▸ ABOUT THIS TASK
Each line of the material should be output exactly as shown.

▸ DATA EXTRACTS
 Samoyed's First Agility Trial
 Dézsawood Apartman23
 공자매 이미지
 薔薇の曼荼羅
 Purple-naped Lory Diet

▸ ANSWER BELOW
 Samoyed's First Agility Trial
 Dézsawood Apartman23
 공자매 이미지
 薔薇の曼荼羅
 Purple-naped Lory Diet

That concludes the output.